[DATA SHOWN — start]

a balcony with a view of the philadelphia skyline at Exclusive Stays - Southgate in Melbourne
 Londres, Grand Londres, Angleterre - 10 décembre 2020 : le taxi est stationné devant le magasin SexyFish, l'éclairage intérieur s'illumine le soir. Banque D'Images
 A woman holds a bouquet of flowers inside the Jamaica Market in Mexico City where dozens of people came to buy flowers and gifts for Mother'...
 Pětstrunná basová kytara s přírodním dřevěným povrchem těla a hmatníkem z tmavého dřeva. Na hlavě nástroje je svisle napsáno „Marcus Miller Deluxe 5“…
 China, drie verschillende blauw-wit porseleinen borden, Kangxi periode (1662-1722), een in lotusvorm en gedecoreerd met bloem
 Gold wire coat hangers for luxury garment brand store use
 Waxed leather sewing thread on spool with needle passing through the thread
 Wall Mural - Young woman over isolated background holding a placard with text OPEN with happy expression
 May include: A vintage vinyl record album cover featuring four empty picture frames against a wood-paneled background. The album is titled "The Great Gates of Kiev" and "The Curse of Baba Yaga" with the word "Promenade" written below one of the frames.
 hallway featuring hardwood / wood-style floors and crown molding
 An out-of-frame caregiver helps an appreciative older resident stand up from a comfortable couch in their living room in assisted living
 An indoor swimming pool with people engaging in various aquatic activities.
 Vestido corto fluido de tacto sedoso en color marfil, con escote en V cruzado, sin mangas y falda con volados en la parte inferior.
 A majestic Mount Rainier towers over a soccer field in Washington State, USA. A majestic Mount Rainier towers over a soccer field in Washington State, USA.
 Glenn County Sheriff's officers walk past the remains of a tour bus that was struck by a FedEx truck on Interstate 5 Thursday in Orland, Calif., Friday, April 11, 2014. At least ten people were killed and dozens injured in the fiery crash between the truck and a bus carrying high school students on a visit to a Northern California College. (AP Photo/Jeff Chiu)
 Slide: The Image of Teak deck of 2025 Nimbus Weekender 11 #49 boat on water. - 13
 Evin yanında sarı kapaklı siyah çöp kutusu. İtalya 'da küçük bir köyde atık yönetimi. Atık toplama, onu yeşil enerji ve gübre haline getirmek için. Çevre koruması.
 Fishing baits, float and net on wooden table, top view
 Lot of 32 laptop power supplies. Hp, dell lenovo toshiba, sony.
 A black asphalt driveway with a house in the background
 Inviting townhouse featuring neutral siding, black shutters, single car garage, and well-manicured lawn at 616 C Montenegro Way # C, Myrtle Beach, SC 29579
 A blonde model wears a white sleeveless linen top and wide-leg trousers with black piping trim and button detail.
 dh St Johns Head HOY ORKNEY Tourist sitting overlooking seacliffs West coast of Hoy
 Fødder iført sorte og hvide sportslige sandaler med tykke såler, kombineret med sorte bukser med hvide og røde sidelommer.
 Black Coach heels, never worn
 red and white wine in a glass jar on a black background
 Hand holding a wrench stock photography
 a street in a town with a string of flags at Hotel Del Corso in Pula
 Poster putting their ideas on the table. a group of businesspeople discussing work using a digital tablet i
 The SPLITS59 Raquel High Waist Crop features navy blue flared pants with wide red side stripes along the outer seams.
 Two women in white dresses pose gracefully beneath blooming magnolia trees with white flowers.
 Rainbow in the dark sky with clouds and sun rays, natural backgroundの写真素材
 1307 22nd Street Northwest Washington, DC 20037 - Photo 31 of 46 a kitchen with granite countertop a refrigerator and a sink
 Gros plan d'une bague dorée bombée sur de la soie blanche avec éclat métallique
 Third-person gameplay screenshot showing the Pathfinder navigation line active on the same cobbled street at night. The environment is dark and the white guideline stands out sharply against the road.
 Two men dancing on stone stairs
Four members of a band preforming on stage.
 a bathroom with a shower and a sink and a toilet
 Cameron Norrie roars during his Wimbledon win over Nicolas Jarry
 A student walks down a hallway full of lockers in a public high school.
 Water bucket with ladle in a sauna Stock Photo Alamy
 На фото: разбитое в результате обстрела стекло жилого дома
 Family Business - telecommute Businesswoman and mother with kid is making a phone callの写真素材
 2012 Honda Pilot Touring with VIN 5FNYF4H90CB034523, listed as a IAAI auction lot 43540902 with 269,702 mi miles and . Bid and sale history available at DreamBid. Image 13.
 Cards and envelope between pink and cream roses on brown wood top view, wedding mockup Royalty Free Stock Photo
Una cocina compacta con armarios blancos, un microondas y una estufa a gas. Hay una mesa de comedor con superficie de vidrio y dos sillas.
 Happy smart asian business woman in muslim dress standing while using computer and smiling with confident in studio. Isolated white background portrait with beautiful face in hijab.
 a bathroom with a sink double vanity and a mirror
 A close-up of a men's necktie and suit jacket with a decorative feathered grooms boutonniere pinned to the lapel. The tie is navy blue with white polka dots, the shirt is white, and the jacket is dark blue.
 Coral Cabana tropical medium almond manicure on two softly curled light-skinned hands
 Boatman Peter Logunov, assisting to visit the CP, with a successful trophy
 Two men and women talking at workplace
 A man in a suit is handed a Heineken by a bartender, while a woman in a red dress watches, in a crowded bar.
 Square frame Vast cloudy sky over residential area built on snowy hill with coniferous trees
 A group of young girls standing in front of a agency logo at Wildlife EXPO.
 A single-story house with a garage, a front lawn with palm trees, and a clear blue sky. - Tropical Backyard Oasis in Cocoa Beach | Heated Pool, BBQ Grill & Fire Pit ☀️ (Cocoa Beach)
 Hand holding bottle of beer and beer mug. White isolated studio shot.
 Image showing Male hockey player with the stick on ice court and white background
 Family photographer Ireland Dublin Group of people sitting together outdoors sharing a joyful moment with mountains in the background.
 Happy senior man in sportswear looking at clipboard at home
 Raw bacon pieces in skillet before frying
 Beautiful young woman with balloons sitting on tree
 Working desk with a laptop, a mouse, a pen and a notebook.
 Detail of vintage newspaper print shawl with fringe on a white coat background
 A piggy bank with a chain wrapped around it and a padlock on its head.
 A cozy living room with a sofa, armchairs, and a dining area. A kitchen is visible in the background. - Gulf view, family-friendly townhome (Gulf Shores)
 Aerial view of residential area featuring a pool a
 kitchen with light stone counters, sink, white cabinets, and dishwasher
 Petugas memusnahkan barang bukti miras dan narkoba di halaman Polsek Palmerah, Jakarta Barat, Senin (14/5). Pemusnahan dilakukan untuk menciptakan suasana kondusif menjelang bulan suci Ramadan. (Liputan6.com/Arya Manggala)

[DATA SHOWN — finish]

§ **ACTIVITY**:
For the word "front", return every line of the records that holds it.

§ **WRITTEN RESPONSE**:
 A group of young girls standing in front of a agency logo at Wildlife EXPO.
 A single-story house with a garage, a front lawn with palm trees, and a clear blue sky. - Tropical Backyard Oasis in Cocoa Beach | Heated Pool, BBQ Grill & Fire Pit ☀️ (Cocoa Beach)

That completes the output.